Bryan Lee Lee performed his 25th Jazz Fest in May 2009 and is expecting his 13th album to be released in October of 2009..

For Lee, the blues has been a fickle lover. Born with a skin color not common amongst bluesmen and living without eyesight since the age of eight, the music that he loved didn’t always have a place for him. Born in northern Wisconsin, Lee grew up listening to the blues on AM radio, began playing at 13 and eventually took his guitar down to Chicago. Despite his abilities, Lee wasn’t welcomed.

“I wanted to be in Chicago. My first idols were Muddy and [Howlin’] Wolf,” explained Lee with a degree of hurt in his voice. “But the problem wasn’t so much the musicians, it was the promoters. For the most part, there weren’t too many white guys. I used to get that story all the time. ‘Well, y’know man, you’re really good, but you’re white. And that’s unfortunate. We don’t hire white artists that play the blues.'”

“I’m a blind person, I don’t see any color. I got drawn to this music by the feeling, not by the color of somebody’s skin,” said Lee. “It’s funny, as time has gone on and things have changed, and they respect it and there are less black artists playing the blues – but the market’s still there -the attitudes of promoters have changed. Now I go up to Chicago … and I pack the house. And it’s a good feeling.”

While Chicago’s acceptance of Lee didn’t come until later on in his career, Lee seemed to fit right in when he moved to New Orleans in 1982.

Now, with the respect of peers like Buddy Guy (who will appear on Lee’s next album) and last year’s nomination for a Blues Award (for Katrina Was Her Name), Lee is not content to rest on his laurels.

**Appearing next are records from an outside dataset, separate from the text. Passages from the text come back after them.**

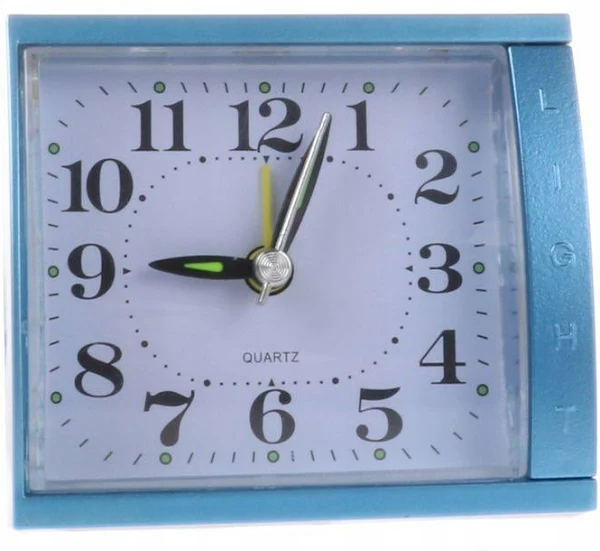 Zegar z alarmem Budzik na Baterie Zegarek Klasyczny z Podświetleniem 944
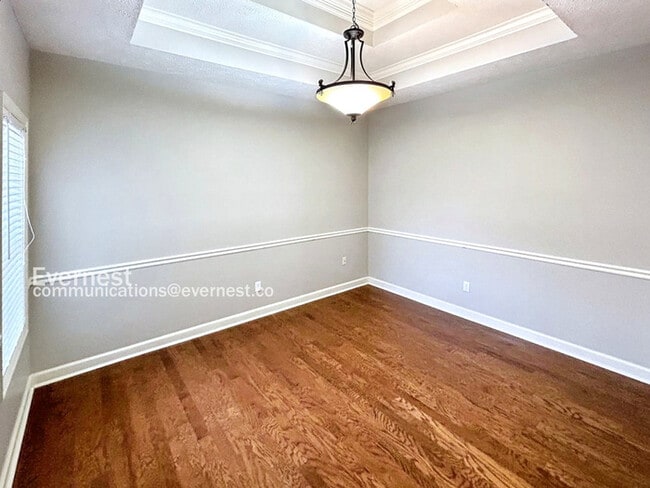 Building Photo - 203 Silver Tail Ln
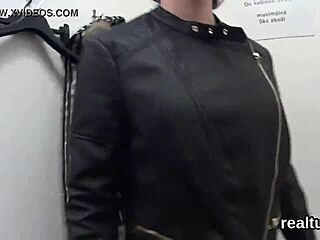 Pisicuța Cehă Fermecătoare E Sedusă în Mall și Penetrată în POV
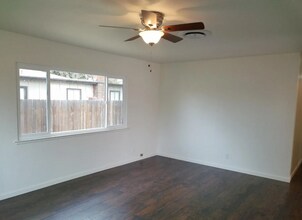 917 E Myrtle St in Hanford, CA - Building Photo - Building Photo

“Every album has got to be better than the last one. The more you record, the more you have pressure on yourself,” explained Lee.

He continued, “I wrote a song called ‘My Lady Don’t Love My Lady.’ That’s basically about my wife and my guitar. And that’s the title of the album,” said Lee.

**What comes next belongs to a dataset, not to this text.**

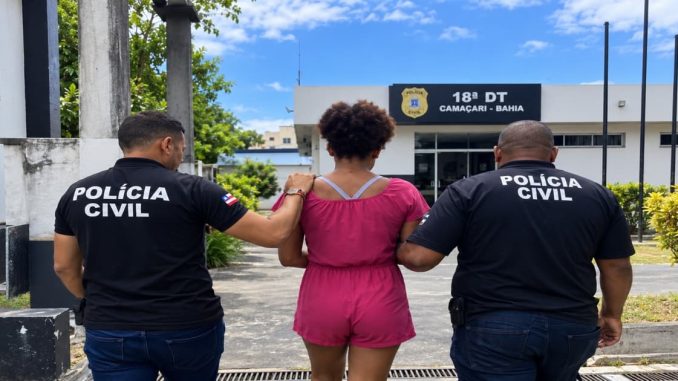 Mulher é presa por assaltos a lojas em Camaçari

The title came from an event following a hospital stay where Lee’s life was very much in danger and his wife’s visitations were limited.

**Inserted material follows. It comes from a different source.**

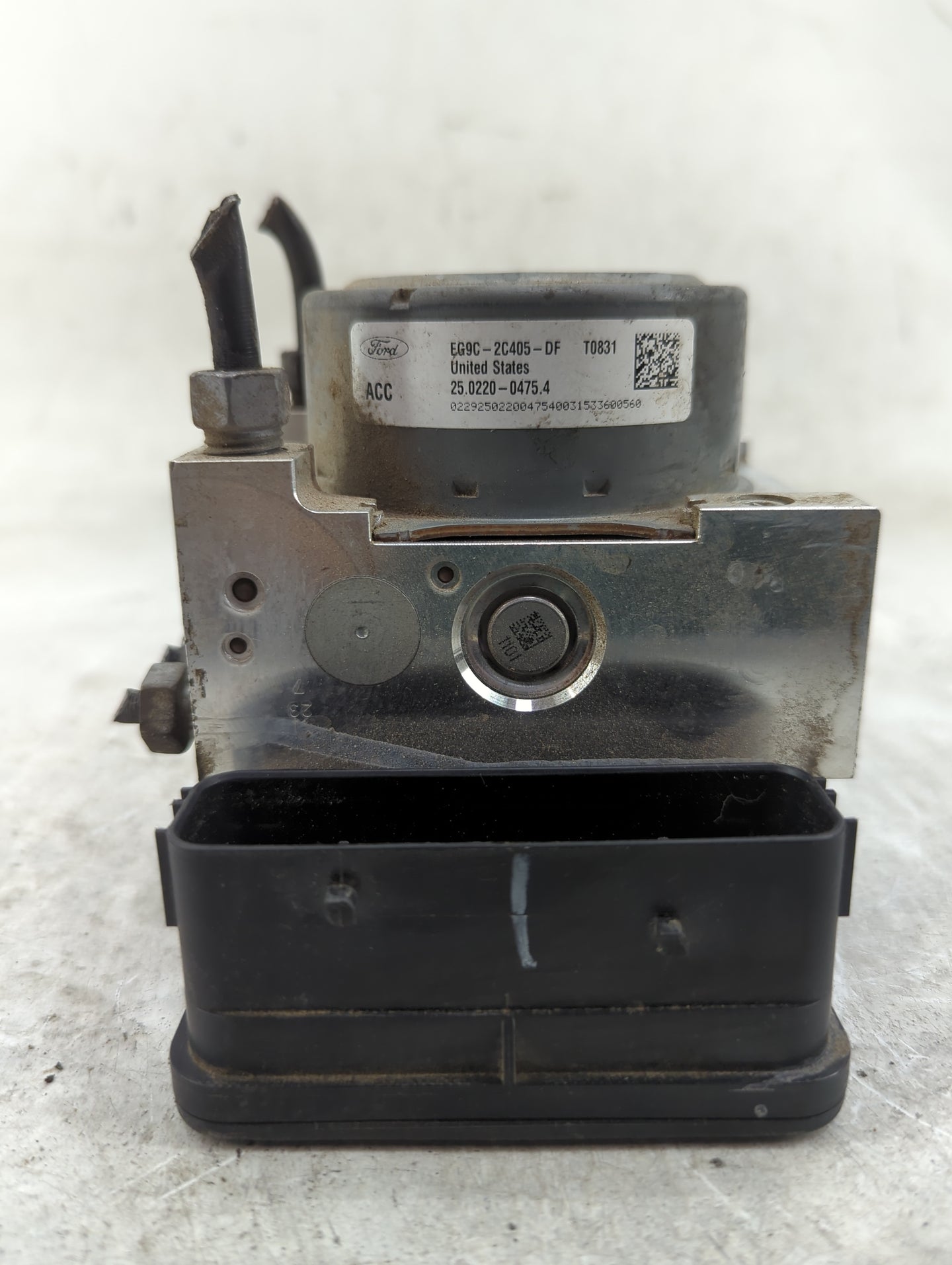 2014-2016 Ford Fusion ABS Pump Control Module Replacement P/N:EG9C-2C405-DF Fits Fits 2014 2015 2016 OEM Used Auto Parts - O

“I came home from the hospital and we’d gone to bed and I woke up at four in the morning. I had such an itch to put my hands on one of my guitars. And it wasn’t anything to disrespect my wife, I just needed to do it,” recalled Lee. “She woke up and she heard me and it really hurt her feelings.

Although Lee’s gravitational pull back to the guitar may have been initially misunderstood by the woman he so obviously loves deeply, it is this gravity that gives his notes and his words so much weight. The pull was not one that led him from her, but back to a part of him that he had been without while recovering.

That weight has not only grown from the more than five decades that Lee has been playing the blues; but also his sensory perception, which has been a part of his life for even longer. Instead of seeing his visual impairment as a handicap, Lee feels it has helped him as a player of the blues.

“I can focus deeper. I don’t have any physical distractions. That’s the grace of God. Yes, I don’t have eyesight, but the good Lord gave me the gift of music and I run into a lot of people that are emotionally blind. Eyesight or insight, its kind of an easy choice to make.”